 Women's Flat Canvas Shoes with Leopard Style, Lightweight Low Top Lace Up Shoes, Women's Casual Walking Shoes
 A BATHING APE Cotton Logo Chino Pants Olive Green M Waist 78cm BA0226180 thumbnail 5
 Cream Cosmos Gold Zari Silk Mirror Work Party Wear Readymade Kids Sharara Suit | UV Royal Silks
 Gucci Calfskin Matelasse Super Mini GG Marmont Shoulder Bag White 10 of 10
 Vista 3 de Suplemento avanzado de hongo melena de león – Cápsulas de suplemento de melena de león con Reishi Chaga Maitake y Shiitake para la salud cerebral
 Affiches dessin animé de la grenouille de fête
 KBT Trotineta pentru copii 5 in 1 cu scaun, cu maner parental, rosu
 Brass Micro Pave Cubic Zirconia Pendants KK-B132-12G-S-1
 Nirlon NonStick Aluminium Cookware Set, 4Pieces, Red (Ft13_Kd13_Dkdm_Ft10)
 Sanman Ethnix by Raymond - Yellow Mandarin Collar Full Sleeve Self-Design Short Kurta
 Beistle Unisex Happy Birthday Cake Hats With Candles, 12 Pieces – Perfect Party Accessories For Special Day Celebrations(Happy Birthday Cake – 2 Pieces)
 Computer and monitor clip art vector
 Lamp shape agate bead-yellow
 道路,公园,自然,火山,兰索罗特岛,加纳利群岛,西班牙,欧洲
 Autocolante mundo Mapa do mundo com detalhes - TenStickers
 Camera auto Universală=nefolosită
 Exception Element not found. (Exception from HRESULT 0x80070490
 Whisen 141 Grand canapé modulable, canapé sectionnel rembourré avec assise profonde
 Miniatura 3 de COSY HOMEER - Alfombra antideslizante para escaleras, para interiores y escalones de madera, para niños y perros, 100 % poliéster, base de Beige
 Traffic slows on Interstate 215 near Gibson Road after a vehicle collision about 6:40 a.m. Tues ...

§ §

Write each record above out again exactly as it reads.

 Women's Flat Canvas Shoes with Leopard Style, Lightweight Low Top Lace Up Shoes, Women's Casual Walking Shoes
 A BATHING APE Cotton Logo Chino Pants Olive Green M Waist 78cm BA0226180 thumbnail 5
 Cream Cosmos Gold Zari Silk Mirror Work Party Wear Readymade Kids Sharara Suit | UV Royal Silks
 Gucci Calfskin Matelasse Super Mini GG Marmont Shoulder Bag White 10 of 10
 Vista 3 de Suplemento avanzado de hongo melena de león – Cápsulas de suplemento de melena de león con Reishi Chaga Maitake y Shiitake para la salud cerebral
 Affiches dessin animé de la grenouille de fête
 KBT Trotineta pentru copii 5 in 1 cu scaun, cu maner parental, rosu
 Brass Micro Pave Cubic Zirconia Pendants KK-B132-12G-S-1
 Nirlon NonStick Aluminium Cookware Set, 4Pieces, Red (Ft13_Kd13_Dkdm_Ft10)
 Sanman Ethnix by Raymond - Yellow Mandarin Collar Full Sleeve Self-Design Short Kurta
 Beistle Unisex Happy Birthday Cake Hats With Candles, 12 Pieces – Perfect Party Accessories For Special Day Celebrations(Happy Birthday Cake – 2 Pieces)
 Computer and monitor clip art vector
 Lamp shape agate bead-yellow
 道路,公园,自然,火山,兰索罗特岛,加纳利群岛,西班牙,欧洲
 Autocolante mundo Mapa do mundo com detalhes - TenStickers
 Camera auto Universală=nefolosită
 Exception Element not found. (Exception from HRESULT 0x80070490
 Whisen 141 Grand canapé modulable, canapé sectionnel rembourré avec assise profonde
 Miniatura 3 de COSY HOMEER - Alfombra antideslizante para escaleras, para interiores y escalones de madera, para niños y perros, 100 % poliéster, base de Beige
 Traffic slows on Interstate 215 near Gibson Road after a vehicle collision about 6:40 a.m. Tues ...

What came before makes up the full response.